11 Problems Associated with Structural Insulated Panels and a Better Alternative


Contractors and architects can avoid the problems of structural insulated panel (SIP) wall construction with Fox Blocks ICFs. Fox Blocks provide superior energy-efficiency and moisture- and fire-resistance compared to SIPs wall systems. Also, Fox Blocks ICFs allow for more design flexibility and install quicker and easier than SIPs wall systems.

Structural Insulated Panels (SIPs)


Development of the first SIPs occurred in the 1930s at the Forest Product Laboratory in Madison, Wisconsin. It was part of the United States (U.S.) Forest Service’s attempt to conserve forest resources. Forest Products Laboratory marketed its initial prototype design for the next thirty years. However, the design did not contain insulation, and manufacturers never produced it on a large scale.
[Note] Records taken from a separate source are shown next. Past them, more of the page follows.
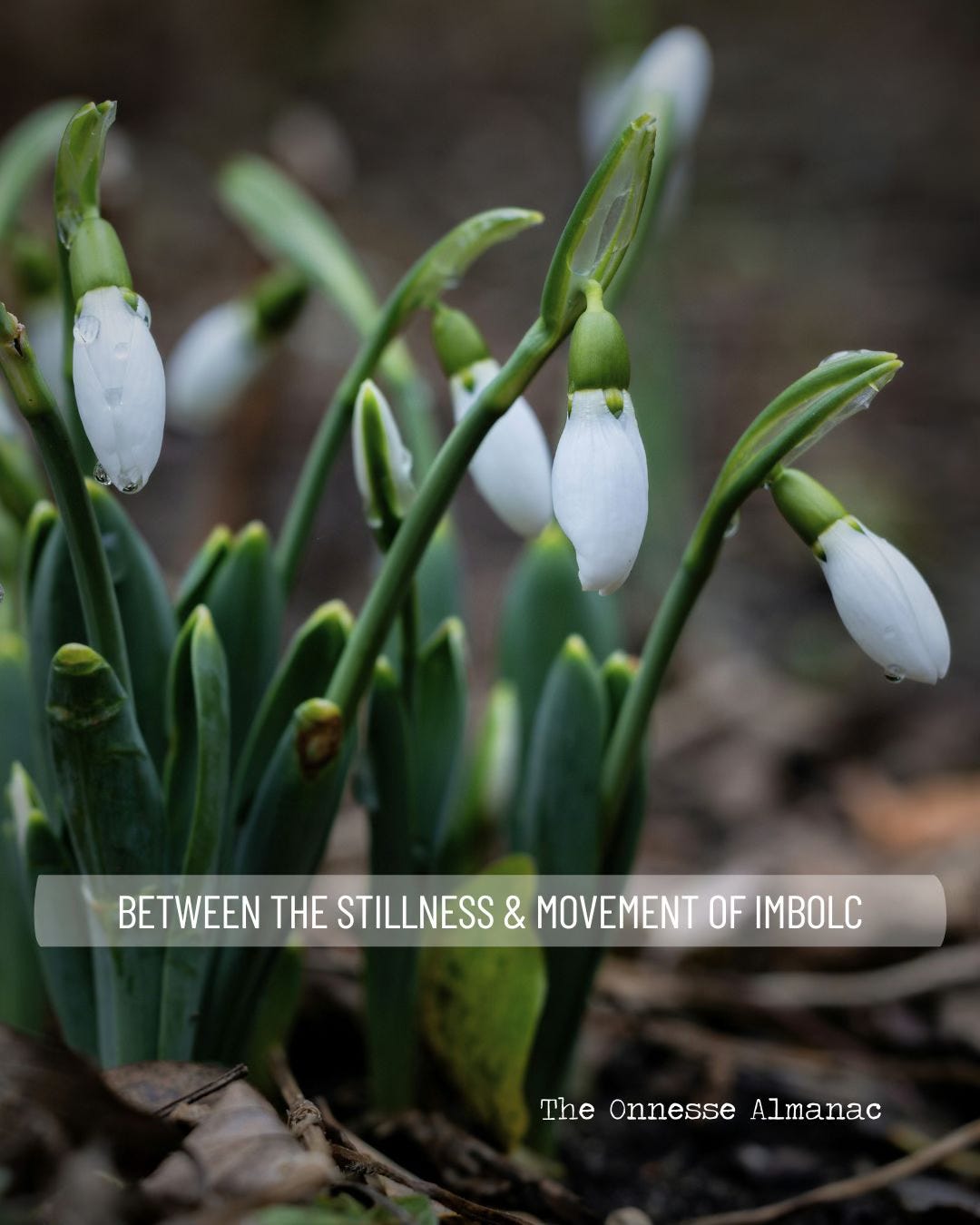 Snowdrops emerging from the soil in early spring, with white flowers and green shoots appearing among leaf litter.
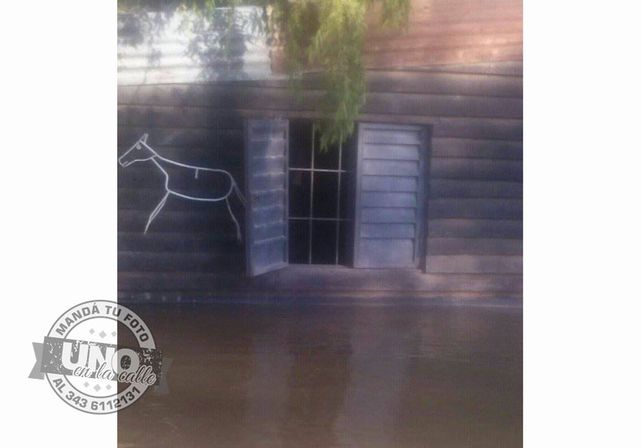 Familia autoevacuada de Paraje la Virgen necesita asistencia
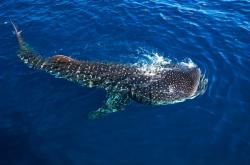 whale-shark-swarm-yucatan-peninsula.jpg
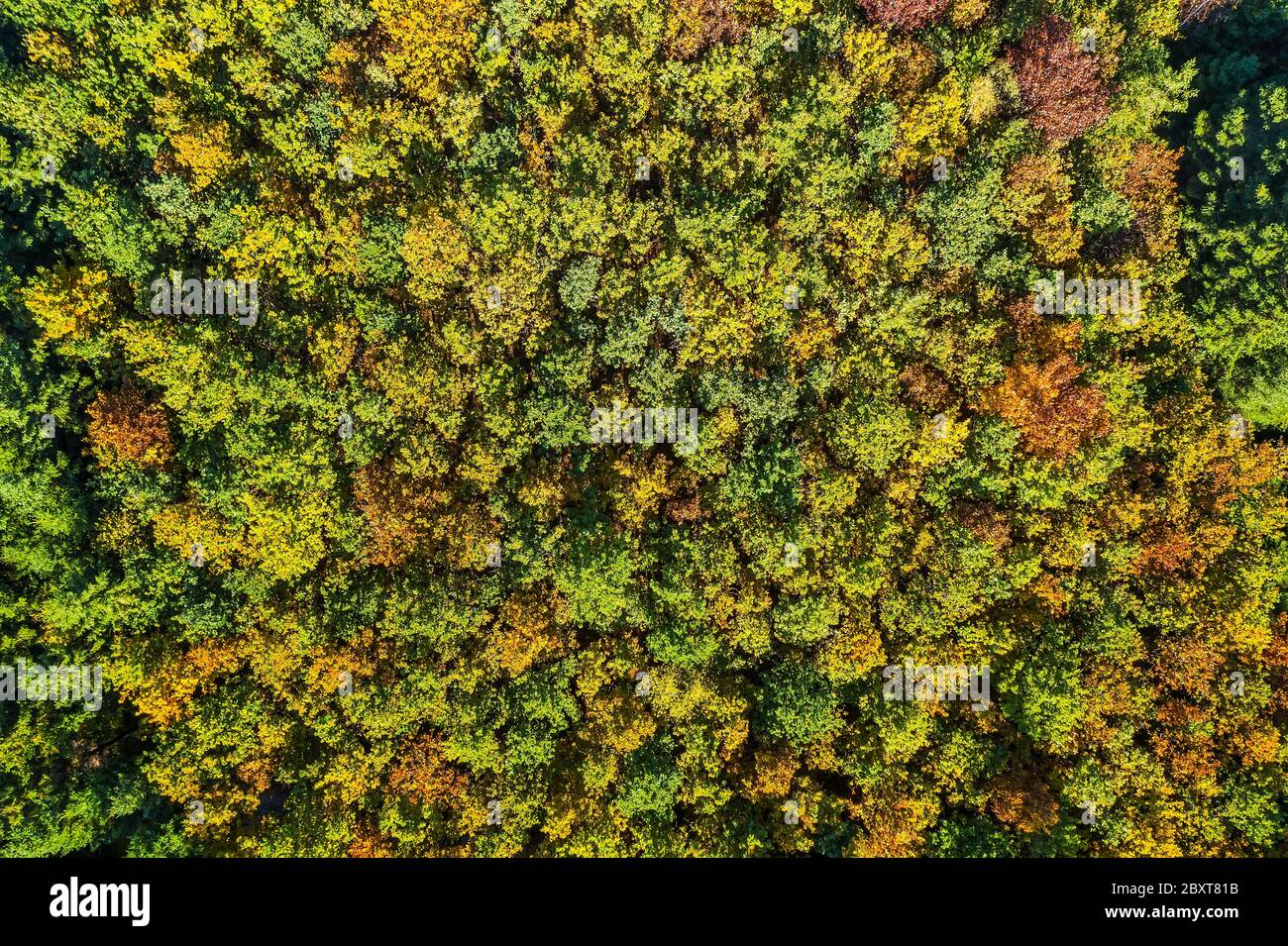 Estate sole caldo della foresta di luce vista aerea Foto Stock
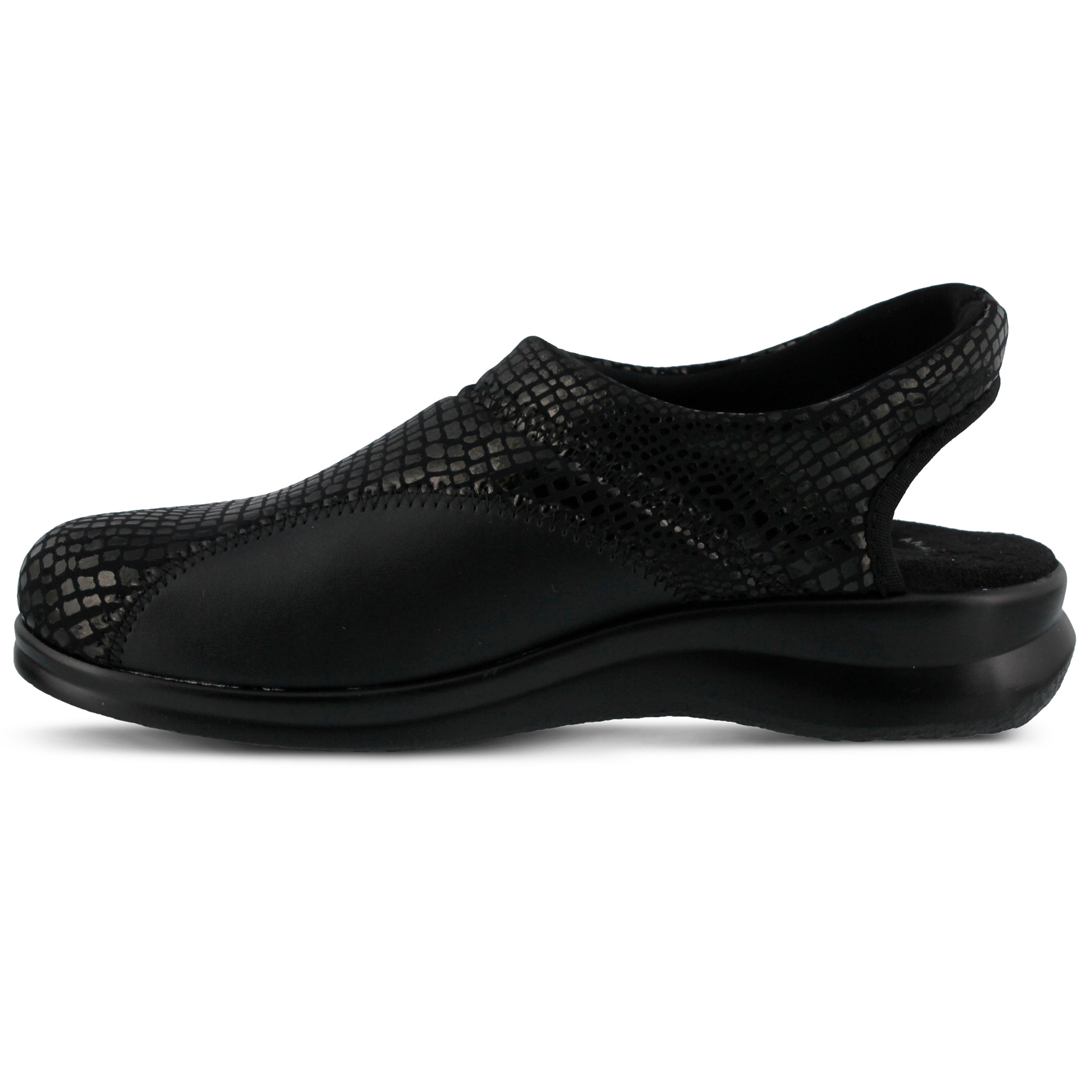 BLACK PYTHON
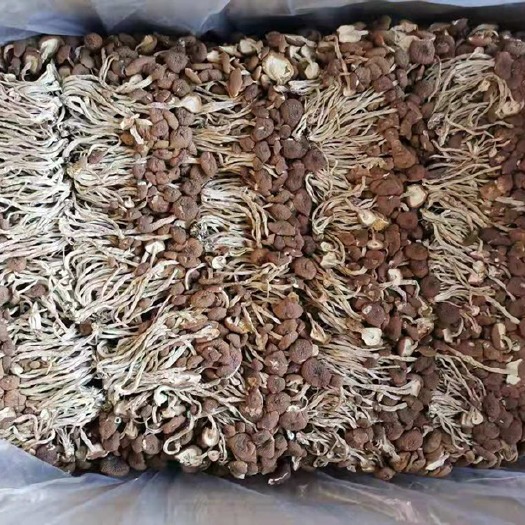 古田县茶树菇干货 开伞和没开伞 产地直销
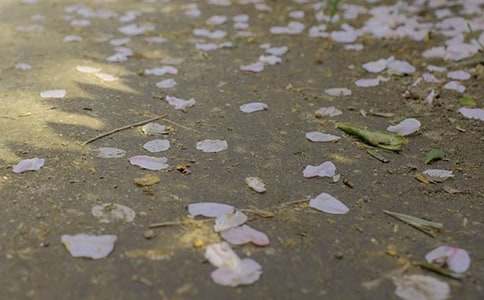 ̫ꖡ���������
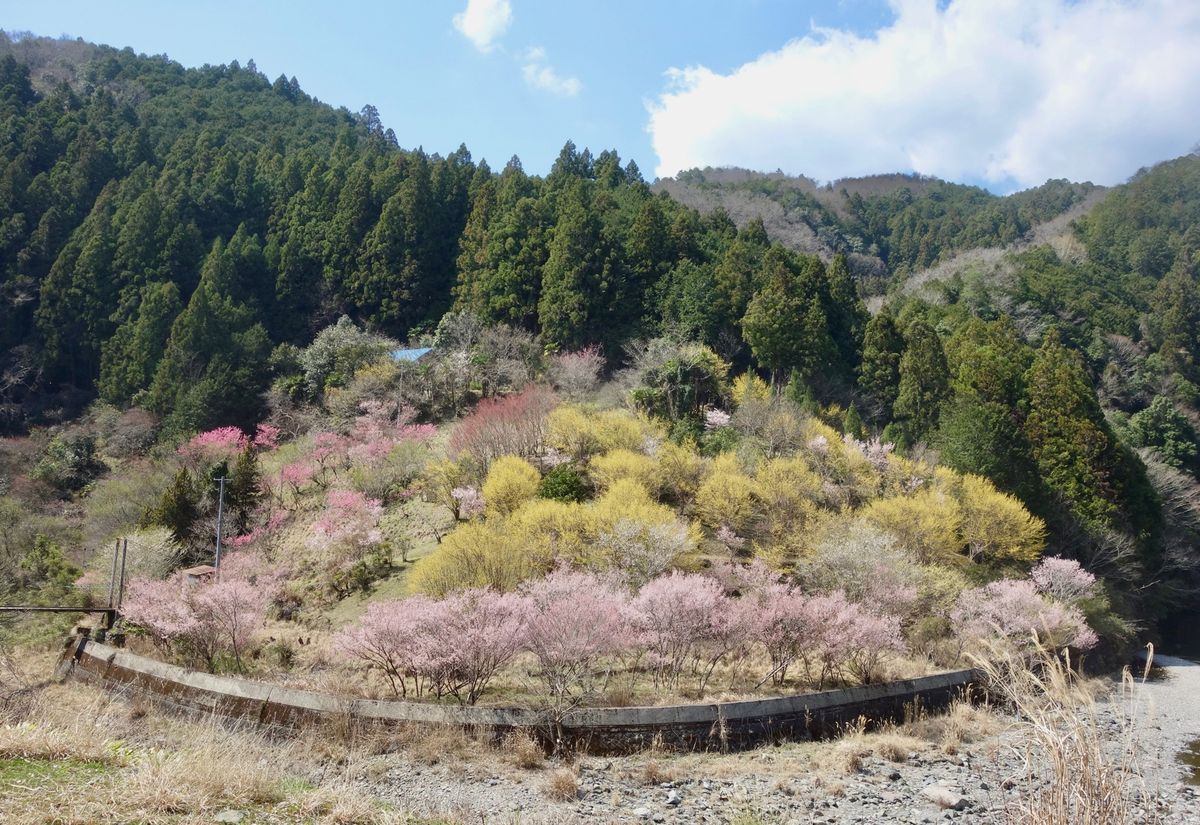 🌸西吉野🌸

川岸地区という場所にある桃源郷で、3月の半ばにレンタカーで行...
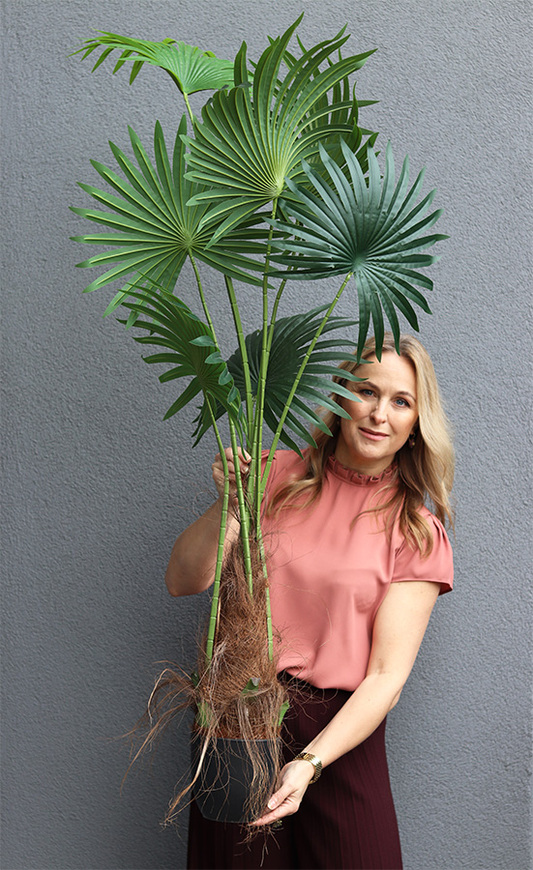 Palma Livistona, sztuczna roślina w doniczce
In the 1950s, Alden B. Dow, who was concerned about energy-efficiency and fearful over depleting natural resources, developed a structural panel with an insulated core. Many credit Dow with creating the first structural insulated panel.

During the 1970s, more and more builders began using SIPs for their high insulative value, airtightness, and strength over wood frame construction. However, over time, architects and contractors began recognizing problems with SIPs - of concern, SIPs lack moisture−, fire −, and termite-resistance, along with design flexibility.

Modern Struc­tur­al Insulated Panels

Struc­tur­al insulated panels provide building panels for the walls, floors, and roofs of homes and light com­mer­cial buildings. Other names for SIPs include foam-core panels, struc­tur­al foam panels, stress-skin panels, and sandwich panels.

Manufacturing of SIPs occurs under con­trolled con­di­tions in a factory. Four- and eight‑inch thick rigid foam panels, placed between two stiff sheathing materials form the SIPs. Products used to make the foam include either expanded poly­styrene (EPS), extruded poly­styrene (XPS), polyurethane (PUR) or poly­iso­cya­nu­rate (PIR).

  • Manufacturer's pressure laminates the EPS and XPS foam and sheathing together.
  • Manufacturers inject and cure (under high pressure) the liquid PUR and PIR foam.

Producers of SIPs commonly use 7⁄16-inch thick oriented strand boards (OSB) for the sheathing boards. Other sheathing materials include plywood, gypsum sheathing, sheet metal, fiber-cement siding, magnesium-oxide board, fiber­glass mat, and composite struc­tur­al siding panels.

SIP con­struc­tion produces straight walls with higher levels of insu­la­tion, airtightness, and strength compared to wood-frame construction. However, the numerous problems with SIP construction can diminish the quality of the wall system and ultimately cost both the contractor and building owner time and money.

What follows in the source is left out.